How to complete this task — A single stretch of the material below is to be transcribed exactly, starting at the line with "Big size 90'S" and ending after the line with "Geepas Panini GGM6001".

Information —
####################

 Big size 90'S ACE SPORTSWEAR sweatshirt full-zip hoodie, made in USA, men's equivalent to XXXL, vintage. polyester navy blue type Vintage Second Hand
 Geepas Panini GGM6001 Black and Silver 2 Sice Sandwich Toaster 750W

####################

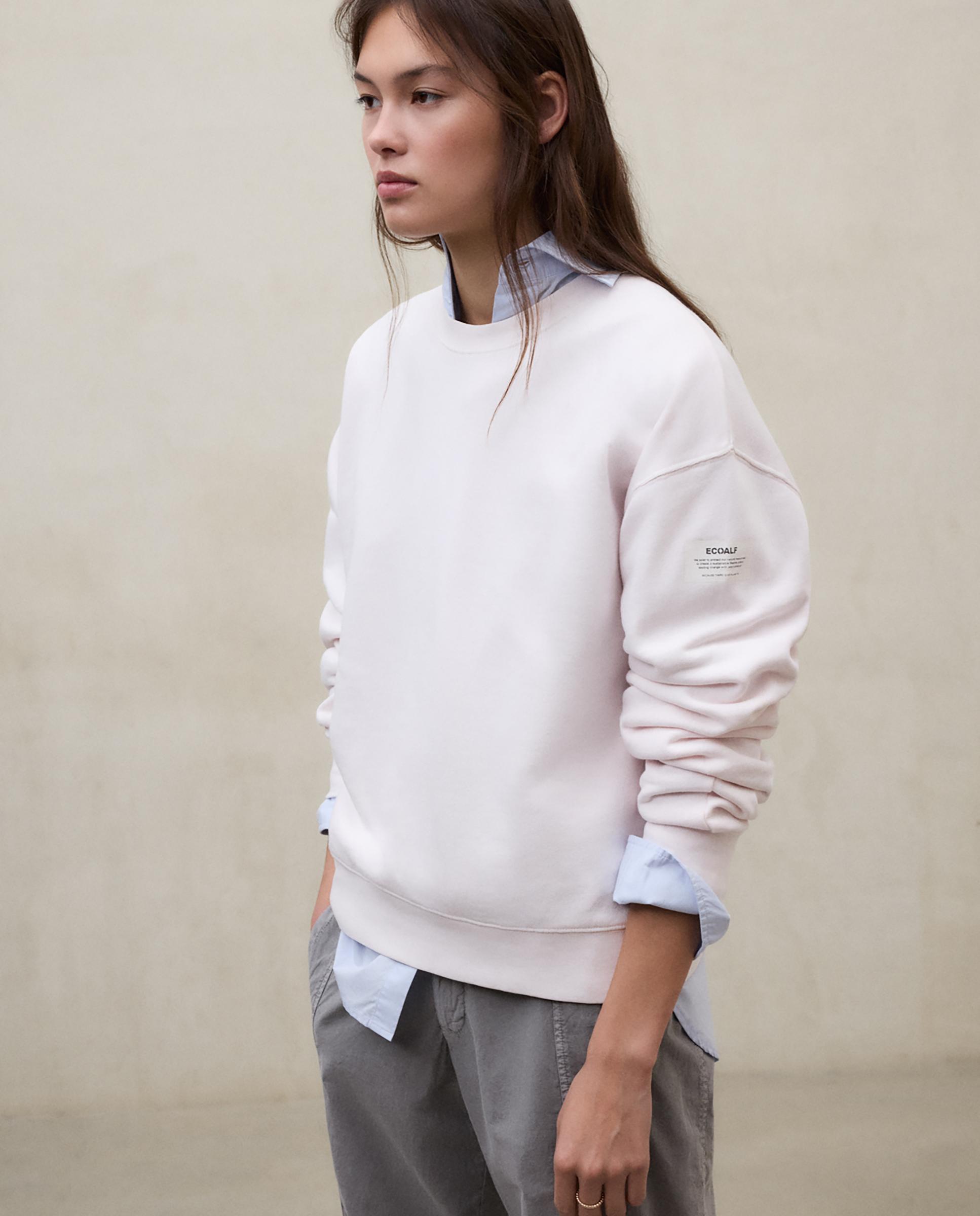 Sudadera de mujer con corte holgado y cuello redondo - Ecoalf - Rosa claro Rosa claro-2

####################

Written answer —
 Big size 90'S ACE SPORTSWEAR sweatshirt full-zip hoodie, made in USA, men's equivalent to XXXL, vintage. polyester navy blue type Vintage Second Hand
 Geepas Panini GGM6001 Black and Silver 2 Sice Sandwich Toaster 750W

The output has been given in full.